Quadratic staking on Chainlink 2.0, visualised
The dibber-dobber stands to earn their classmates’ candy for being a good student in Chainlink 2.0

Economies of scale in Chainlink 2.0

Using super-linear staking and adding capped future fee opportunities per node contributes to economies of scale that can be achieved by Chainlink. Each new user that joins a decentralised oracle network lowers the cost for other users on that network and lowers the average cost per unit of economic security. Chainlink supposes the average cost per dollar of network security is the future fee opportunity / number of nodes. If in future Chainlink decides to cap the future fee opportunity at x per n, any fees that are > x per n will be reserved for new nodes that stake in that network. This achieves economies of scale because it is cheaper for an existing user to join an already existing network rather than to create their own (i.e. fees signal where nodes should be, nodes stake and join that network and security is higher). Due to super-linear staking, the more nodes that exist in a network, the more economically secure a network becomes (quadratically!). Economic security is provided by stake, nodes provide this stake and this can be used to find a node’s average cost per dollar of economic security (how much one node contributes to security in a network, the cost is lower as more nodes join a network when FFO is capped and hence economies of scale are found). Therefore there is an implicit incentive in itself for Chainlink to make sure it grows its staking business. The more total value locked grows, the more smart contracts that need oracles, the more funds that can be exploited, the more at risk Chainlink is when oracles are exploited to drain smart contracts, the more reputational risk Chainlink has, the more funds they will require nodes to stake, the more secure the network gets, the less expensive it is for one dollar of stake to secure the network, the more economies of scale Chainlink achieves.

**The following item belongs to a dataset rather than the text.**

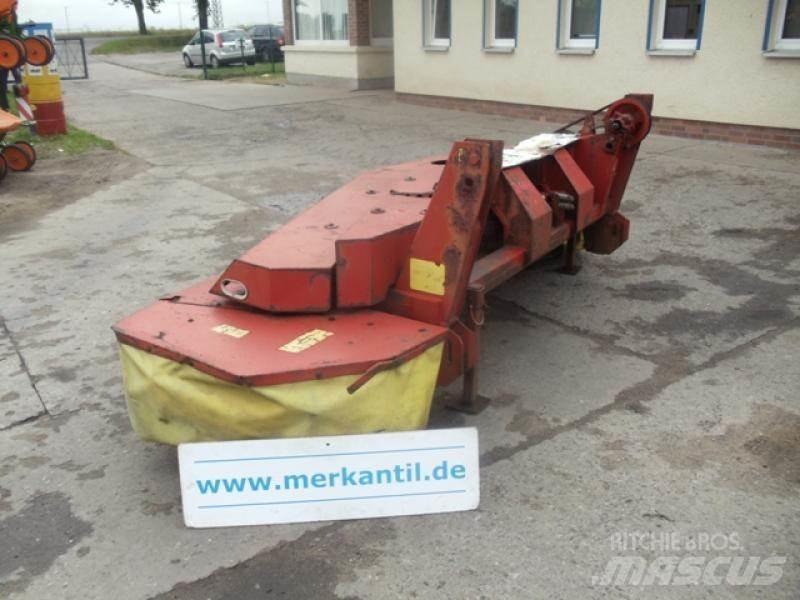  Mezög M 1020 装载牵引式割草机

Delegations on Chainlink 2.0

In any PoS network, it is critical that there is enough at stake of economic actors participating in the network to ensure they do not misbehave. To have more assets at stake in any network, barriers need to be lowered. Delegations were not mentioned in Chainlink 2.0, meaning holders of the $LINK token cannot natively delegate their assets to a node operator such as Chorus One. Currently, the only way for users to earn staking rewards in Chainlink 2.0 is by running their own node to report values for jobs that are assigned to them. However, delegation protocols are being worked on. For example, Linkpool are working on democratising staking rewards for $LINK holders via staking pools. The demand for $LINK delegation has been high since the inception of this service by Linkpool. We expect this demand to continue when Chainlink 2.0 goes live, especially because Chainlink 2.0 will likely require most nodes to have some collateral (stake) in order to report values for jobs. Delegation in Chainlink 2.0 gives users the opportunity to earn staking rewards on otherwise idle $LINK and allows nodes to report values on more jobs to increase their future-fee opportunity (FFO), both of which are a net positive for Chainlink. It is very possible that delegation demand could translate into a new era of $LINK liquid staking innovation.

To conclude, Chainlink 2.0 is secured by implicit (e.g. FFO) and explicit incentives (e.g. super-linear staking). The importance of oracle security has never been higher, as the value that oracles secure in DeFi grows every day. Any oracle exploitation is disastrous for DeFi, so it is important oracle networks such as Chainlink improve their security at the same rate that DeFi grows. The proactive approach of Chainlink to change their economics to capitalise on network effects (incentives to run more nodes) and economies of scale (security becomes cheaper as more nodes join) is timely and likely to sustain Chainlink’s position as an oracle market leader well into the future.